そこで、散歩の友となる本を紹介したいと思います。
原武史『日本政治思想史』(放送大学教育振興会、2017年)です。著者の原氏は、鉄道に関する該博な知識をもとに、空間と時間の両視点から新鮮な議論を提供することで知られています(知られています、と書きましたが、これは建築と政治との関連を研究しているある歴史学者の方からうかがった話です)。
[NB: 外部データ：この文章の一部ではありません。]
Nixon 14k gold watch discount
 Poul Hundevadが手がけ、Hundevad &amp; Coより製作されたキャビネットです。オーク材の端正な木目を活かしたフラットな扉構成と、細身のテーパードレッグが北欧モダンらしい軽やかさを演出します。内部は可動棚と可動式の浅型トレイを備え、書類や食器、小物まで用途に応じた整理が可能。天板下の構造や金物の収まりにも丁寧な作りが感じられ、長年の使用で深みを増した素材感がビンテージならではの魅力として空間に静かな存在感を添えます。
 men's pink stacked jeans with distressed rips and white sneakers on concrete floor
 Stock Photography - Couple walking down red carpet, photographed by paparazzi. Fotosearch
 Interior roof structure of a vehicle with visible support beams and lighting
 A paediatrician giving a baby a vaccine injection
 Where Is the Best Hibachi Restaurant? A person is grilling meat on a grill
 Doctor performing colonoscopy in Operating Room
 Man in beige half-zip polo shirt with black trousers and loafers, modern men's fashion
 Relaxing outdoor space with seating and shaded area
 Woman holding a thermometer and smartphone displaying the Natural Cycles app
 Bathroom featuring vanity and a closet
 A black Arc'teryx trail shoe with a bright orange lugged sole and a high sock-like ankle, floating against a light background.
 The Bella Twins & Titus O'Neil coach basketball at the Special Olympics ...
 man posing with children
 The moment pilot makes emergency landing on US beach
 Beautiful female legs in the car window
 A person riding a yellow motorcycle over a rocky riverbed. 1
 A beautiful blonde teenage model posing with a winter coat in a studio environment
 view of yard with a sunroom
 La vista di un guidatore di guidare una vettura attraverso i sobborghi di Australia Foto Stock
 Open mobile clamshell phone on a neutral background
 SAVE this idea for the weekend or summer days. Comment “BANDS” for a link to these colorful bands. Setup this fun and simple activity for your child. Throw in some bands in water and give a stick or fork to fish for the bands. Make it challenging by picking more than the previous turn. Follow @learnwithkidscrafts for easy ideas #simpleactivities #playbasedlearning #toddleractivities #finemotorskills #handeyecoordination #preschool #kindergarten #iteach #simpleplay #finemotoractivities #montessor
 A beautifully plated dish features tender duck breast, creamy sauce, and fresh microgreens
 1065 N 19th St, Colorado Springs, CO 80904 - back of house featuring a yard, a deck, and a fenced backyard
本書には「戦後の『ソ連』化」と題して、東京都の鉄道と団地の配置を戦後の政党政治史に結びつけた刺激的なパートがあります。このパートを読んで、なぜ、日本の左派革新政党が1960,70年代に活発な活動を展開していたのか、高度成長期に整備された鉄道や公営住宅といったインフラと日本の左翼運動との関係、とはいかなるものだったのか。その上で、1960,70年代当時の条件は、現在にも残っているか、それとも逆転してしまっているのか、こういうことを考えずに現代日本の政治が語れるのか?と問いが次々に浮かんできました。
そういうことを考えつつ、西武新宿線やJR中央線の沿線を歩いてみろ、という散歩のススメを、私は原武史『日本政治思想史』から受け取りました。踏切に気をつけつつ、散歩するのが目標です(実際、考え事をしていることかなり危険な箇所があります)。